Screenplay by Bong Joon-ho & Han Jin-won.
Directed by Bong Joon-ho.
Distributed by Neon. 132 minutes. Rated R.
Ever since its big win at last year’s Cannes Film Festival, the buzz has been huge for Korean director Bong Joon-ho’s Parasite, with many fans calling it the best comedy – hell, the best film – of this past year, and perhaps several years previous. So, now that Parasite is getting a video release, after a reasonably impressive box office run for an art-house film, and even a rare Best Picture Oscar nomination for a foreign-language film (it’s only the twelfth non-English film nominated for the top honor in 92 years of the Academy Awards), the big question is: were those raves legit?
Is it the best movie of the year? No, not even close, though it’s a very good film.
Is it the best comedy? No, it’s somewhat darkly amusing, but never really what one would call laugh-out-loud funny. And the ending is so dark that it spins dangerously close to becoming a tragedy.
Is it worth all the buzz? Probably not, but it’s definitely worth seeing. It is most certainly unique.

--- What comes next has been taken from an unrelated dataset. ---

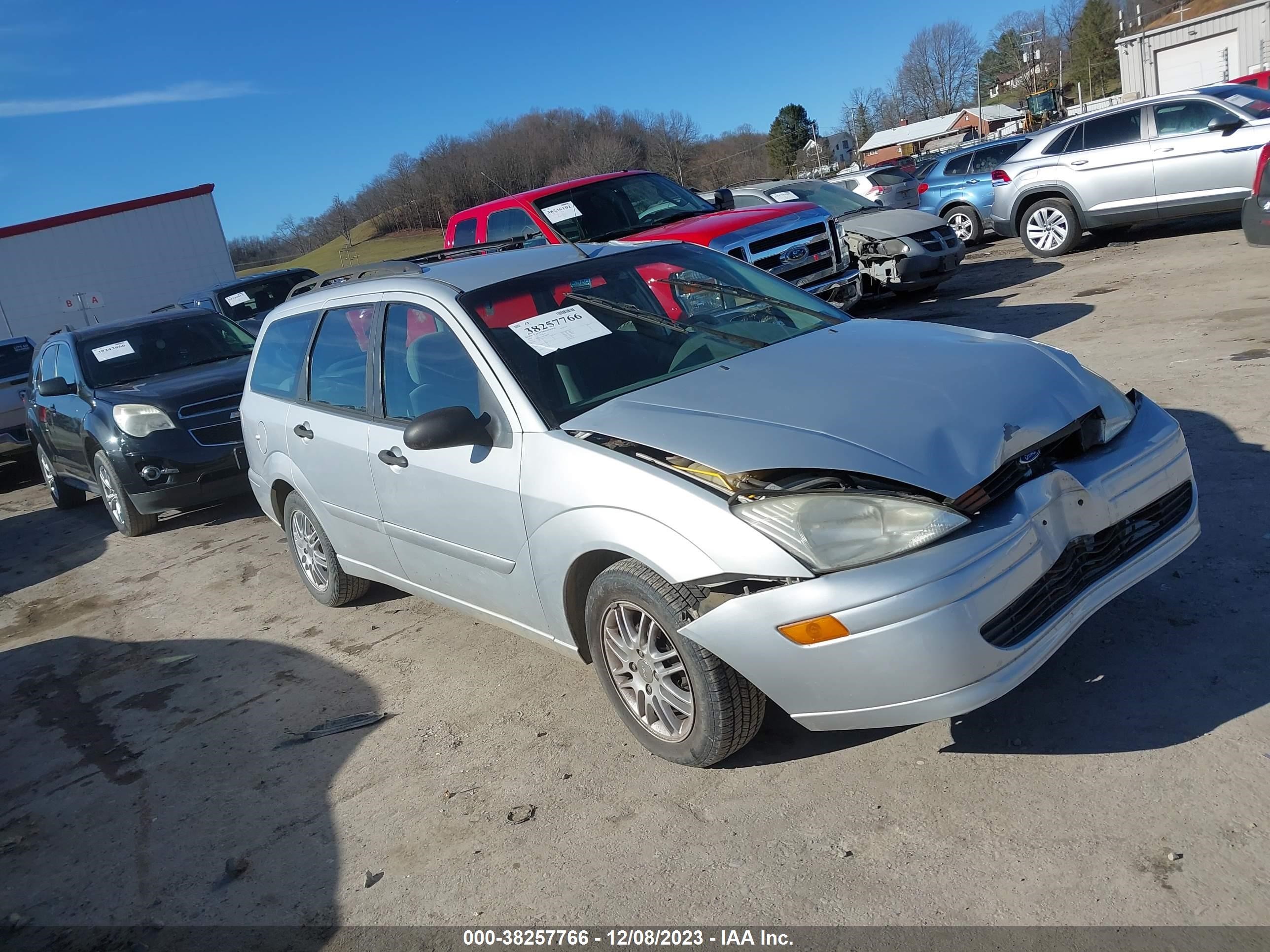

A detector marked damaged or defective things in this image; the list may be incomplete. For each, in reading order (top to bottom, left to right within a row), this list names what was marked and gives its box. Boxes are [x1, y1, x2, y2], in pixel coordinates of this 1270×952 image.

Parasite is a black comedy looking at the haves and the have nots in South Korea; a class struggle in which only one side seems to realize that there is even a fight. The parasite of the title is a lower class family, whose son lucks into a job as a tutor for a wealthy family, and they all scheme to get his entire brood – his sister, father and mother – hired for jobs at the house that they are not qualified for, even if it means getting the people already in those jobs fired.
The family of con artists think they have won the lottery – thriving on the perks of the wealth of their new employers – until one rainy night when everything starts to go horrifically wrong.
I won’t go too much deeper into the plot, because a big part of the fun of Parasite is in experiencing Bong Joon-ho’s eccentric storytelling style in real time.
It is also one of the rare films in which the poor are devious schemers and the rich are generally nice and rather naïve – or so it seems through most of the first half. About 45 minutes into the film, Parasite takes a hard right turn and becomes something much different and much darker than it had seemed to be earlier.
Whether this change in direction works is of course a decision for the viewer. Honestly, I was not necessarily as impressed by the somewhat violent climax as many of the film’s biggest fans were, but then again, I am not so presumptuous to assume that I am completely right and all of them are wrong. It’s a matter of personal taste, and it is quite obvious that a great many people did like the little rabbit hole that Parasite ends up taking.
As I said earlier, Parasite may not be the best picture of the year, but it is certainly a very good one. It is also not at all cookie cutter – it is a very different type of film experience. You likely cannot go wrong by giving it a shot.